Chers grands parents,

La maison des grands-parents est évidemment un lieu d’échanges de tous types et de conversations…

Ces échanges donneront forcément lieu à des désaccords qu’il appartiendra aux grands-parents de régler au mieux dans la charité et l’harmonie familiale… C’est fatal, voire nécessaire. Des familles différentes prennent presque obligatoirement des options différentes, la plupart du temps sur des sujets secondaires mais parfois sur des options plus graves. Le rôle des grands-parents est là essentiel pour faire la part des choses en ne transigeant pas sur l’essentiel ; les règles de la famille, les lois morales n’admettent pas d’approximation… tout ce qui peut mettre en péril la vie même de la famille doit être jalousement préservé ! Ce qui est mal ne doit jamais être qualifié de bien même si l’on croit cela nécessaire pour l’harmonie familiale. Ne soyons pas de ces mauvais guides dont parle Isaïe « qui nomment le mal bien et le bien mal et appellent paix ce qui est le coma ». Il est parfois nécessaire de critiquer, et la fermeté, quant à l’expression des principes, est un devoir ! Se taire ne peut que maintenir une paix apparente. Le coma dont parle Isaïe est bien loin de la vraie paix !

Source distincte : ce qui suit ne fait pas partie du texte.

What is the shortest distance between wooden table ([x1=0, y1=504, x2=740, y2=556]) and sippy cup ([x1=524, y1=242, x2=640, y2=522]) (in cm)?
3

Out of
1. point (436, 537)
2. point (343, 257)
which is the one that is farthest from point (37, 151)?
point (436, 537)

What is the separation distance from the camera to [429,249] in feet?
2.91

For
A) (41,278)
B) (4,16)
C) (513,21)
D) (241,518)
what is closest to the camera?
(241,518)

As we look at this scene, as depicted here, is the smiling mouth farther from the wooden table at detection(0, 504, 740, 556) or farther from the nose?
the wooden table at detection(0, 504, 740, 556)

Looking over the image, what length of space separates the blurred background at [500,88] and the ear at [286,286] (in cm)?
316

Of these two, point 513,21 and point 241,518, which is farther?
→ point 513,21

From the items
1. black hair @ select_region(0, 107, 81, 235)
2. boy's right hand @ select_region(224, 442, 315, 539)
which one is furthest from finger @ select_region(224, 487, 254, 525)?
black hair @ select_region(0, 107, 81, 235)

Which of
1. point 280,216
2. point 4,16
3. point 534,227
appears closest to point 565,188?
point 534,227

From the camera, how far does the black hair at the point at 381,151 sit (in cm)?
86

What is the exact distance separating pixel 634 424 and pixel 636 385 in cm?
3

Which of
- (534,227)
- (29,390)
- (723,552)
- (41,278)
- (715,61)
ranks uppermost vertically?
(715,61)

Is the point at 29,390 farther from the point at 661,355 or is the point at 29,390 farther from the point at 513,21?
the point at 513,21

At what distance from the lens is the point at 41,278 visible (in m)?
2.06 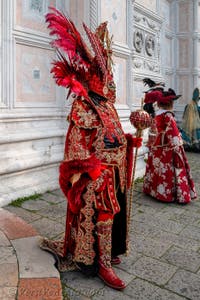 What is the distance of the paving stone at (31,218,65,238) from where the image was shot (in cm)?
351

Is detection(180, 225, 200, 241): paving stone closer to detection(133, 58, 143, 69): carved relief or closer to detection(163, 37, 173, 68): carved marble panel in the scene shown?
detection(133, 58, 143, 69): carved relief

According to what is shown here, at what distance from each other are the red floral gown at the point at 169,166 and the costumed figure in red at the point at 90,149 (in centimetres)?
226

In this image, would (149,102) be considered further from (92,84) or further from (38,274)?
(38,274)

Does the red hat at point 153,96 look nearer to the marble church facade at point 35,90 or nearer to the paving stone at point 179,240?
the marble church facade at point 35,90

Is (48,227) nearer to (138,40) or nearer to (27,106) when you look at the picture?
(27,106)

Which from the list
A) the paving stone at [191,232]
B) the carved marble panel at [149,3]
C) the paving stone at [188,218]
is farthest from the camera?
the carved marble panel at [149,3]

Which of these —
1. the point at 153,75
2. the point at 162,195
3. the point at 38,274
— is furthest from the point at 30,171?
the point at 153,75

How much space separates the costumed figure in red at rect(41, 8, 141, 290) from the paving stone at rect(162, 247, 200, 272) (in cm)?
71

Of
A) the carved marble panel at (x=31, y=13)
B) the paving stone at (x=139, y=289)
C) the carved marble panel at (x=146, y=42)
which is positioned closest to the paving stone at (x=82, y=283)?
the paving stone at (x=139, y=289)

Mais, veillons à la manière ! Rappeler les principes n’est pas mettre de l’huile sur le feu ! Je pense qu’il faut surtout prévenir, c’est-à-dire utiliser toutes les situations dont nous sommes témoins pour rappeler les principes qui doivent régir une famille. Il est plus facile de rappeler les principes, par notre attitude et par nos paroles quand nous sommes amenés à commenter des situations extérieures à la famille que de le faire sur des situations nécessairement brûlantes nous concernant directement.

Dans une famille catholique, la fidélité, les obligations religieuses ne sont pas à option ! Même si on doit être charitable dans l’expression des choses, on s’abstiendra absolument de passer sur ce qui est contraire à la vertu. Une chose est de trouver des circonstances atténuantes à un mauvais choix, une autre est de l’approuver. Un divorce, une infidélité, un abandon de la pratique religieuse doivent être condamnés avec la rigueur qui s’impose ! Et tout devra être fait pour que le retour à la normale soit favorisé ! Plutôt que dire « elle a quitté son mari mais reste une femme merveilleuse ». On dira plutôt « elle a sûrement gardé de bons sentiments chrétiens et nous ferons tout pour qu’elle retrouve une situation régulière. Quand elle sera rentrée dans le droit chemin, nous sommes tout à fait prêts à l’accueillir. Mes petits-enfants, prenez-en de la graine ! Quand on se marie, on doit savoir que c’est jusqu’à la mort… ».

Avant que nos petits-enfants n’arrivent à l’âge du mariage, nous aurons malheureusement de multiples possibilités d’illustrer ce qu’il ne faut pas faire et quelles sont les causes et les conséquences des mauvais choix de la vie ! Utilisons-les, autant que de besoin, autant que la discrétion nous le permet, et en ayant soin de ne pas exaspérer les jeunes à qui nous nous adressons !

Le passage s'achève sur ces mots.